The Congrès du Caire (First Congress of Arab Music; ; Mu'tamar al'mūsiqā al-'arabiyya al-awwal) was a large international symposium and music festival that was convened by King Fuad I in Cairo, Egypt, from March 14 to April 3, 1932. The idea had been suggested to Fuad by the French ethnomusicologist Baron Rodolphe d'Erlanger, and the congress was the first large-scale forum to present, discuss, document and record the many musical traditions of the Arab world from North Africa and the Middle East.

Overview
By a royal decree of January 20, 1932, a commission was appointed to organize the congress. It was headed by the Minister of Public Education Muhammad Hilmi Isa Pacha, with d'Erlanger serving as vice-chairman and Mahmud Ahmed El-Hefni in charge of the General Secretariat.

The festival was held at the National Academy of Music, at 22 Malika Nazly Street (now Ramses Street) in the Azbakeya district of downtown Cairo. It drew scholars and performers from throughout the Arabic-speaking world as well as from Turkey, including Muhammad Fathi, Ali Al-Darwish, Kamil Al-Khulai, Mahmud Hefni, Tawfiq Al-Sabbagh, Rauf Yekta Bey, Mohammed Gnanem, Mohammed Ben Hassan, Mohammed Cherif, and Mesut Cemil) as well as European scholars, composers and musicologists such as Henry George Farmer, Béla Bartók, Paul Hindemith, Alexis Chottin (the head of the National Conservatory for Arab Music in Rabat), Father M. Collangettes, Erich Moritz von Hornbostel, Curt Sachs and Robert Lachmann. Nations sending delegations of musicians included Algeria, Egypt, Iraq, Morocco, Syria, Tunisia as well as Turkey, representing its own musical tradition.

The Congress' sections focused on the past, present and future of Arabic music, and believing such music to be in decline, it made recommendations for its revitalization and preservation. 360 performances of Arabic music by the visiting groups were recorded, and many of these recordings survive in the Phonotèque of the Bibliothèque nationale de France in Paris.  162 of these records were released by the HMV company, and a collection of those records was given to the Guimet Museum in Paris by King Fuad I.
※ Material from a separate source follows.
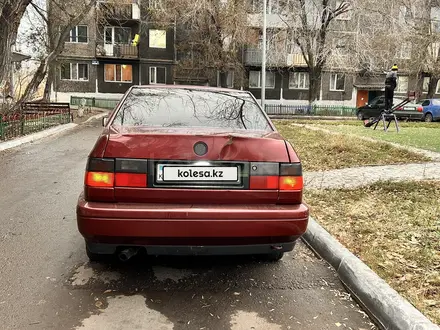 Volkswagen Vento 1996 года за 1 000 000 тг. в Караганда – фото 4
In addition, proposals for the modernization and standardization of Arabic music were presented, including a proposal to standardize the Arabic tuning system to 24 equal steps per octave including quarter tones, thus substituting an equal-tempered system for the traditional non-tempered system. The Egyptian delegate Muhammad Fathi recommended that Western instruments be integrated into Arabic ensembles, due to what he believed to be their superior expressive qualities.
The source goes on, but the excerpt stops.